Have you ever followed that train of thought to its conclusion?

If "they" really had hired actors (whether professional or not) to portray grieving parents, neighbors, etc. then those actors would have to come from somewhere. Somebody would recognize them from a movie, from having worked with them, or from being their friends and family. It would come out in the open. It would never, never, N E V E R work.
Why take that risk at all, if you are one of "them"'planning the shooting?

Or do you perhaps suggest that they used the passengers of flight 93 in the part?

I'm really offended by speculation about Sandy Hook being a government operation of some kind. Not because of the victims, or because its "too soon" but just because its so darn dumb.
 
RenaissanceLady, sorry for your loss, and again to hear you're in poor health.

Your post does help put things in perspective, Its not been my experience to laugh during the grieving period, but since its yours. I have to give Parker the benefit of the doubt.

Ive never said Sandy hook didnt happen, just that i find Parkers behaviour outside that of my own experience.

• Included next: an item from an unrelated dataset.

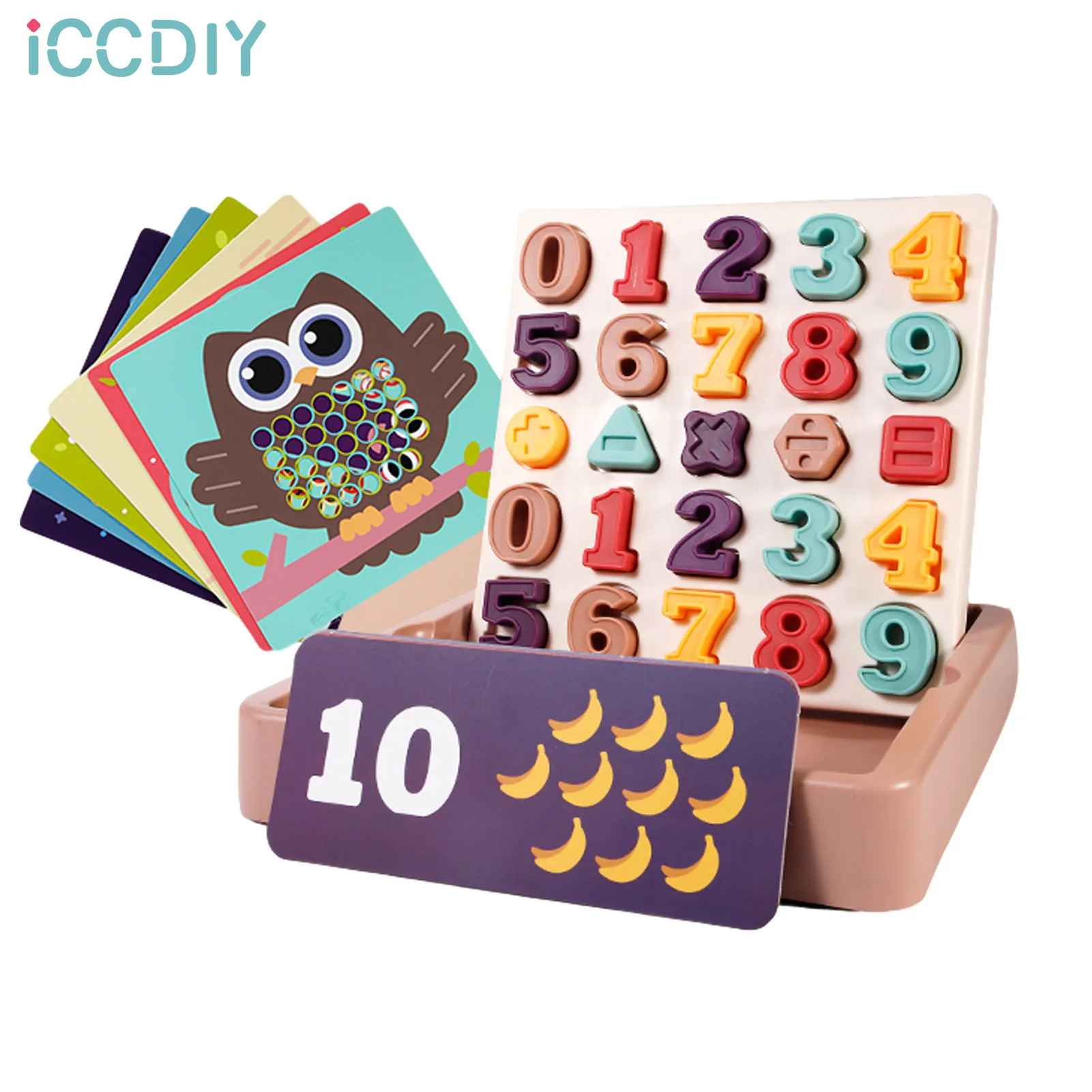 

Children's Educational Logarithmic Board Building Blocks Toy Number Shape Matching Puzzle Children Teaching Aids 6-in-1 Toys Set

Thanks for taking the time to share your experience
 
People in a state of emotional shock can be expected to behave in erratic and unexpected ways. Factor in the scope if this incident, age of the victims and crushing media attention, and mood swings and confusion are almost sure to result.

The only thing that puzzles me about this horrible tragedy is how little the public has been told about the perpetrator. My take is that this is being done to minimize making him into some kind of twisted martyr in the eyes of latent loonies. But our natural curiosity about who these weirdos are and what sets them off is left unfulfilled.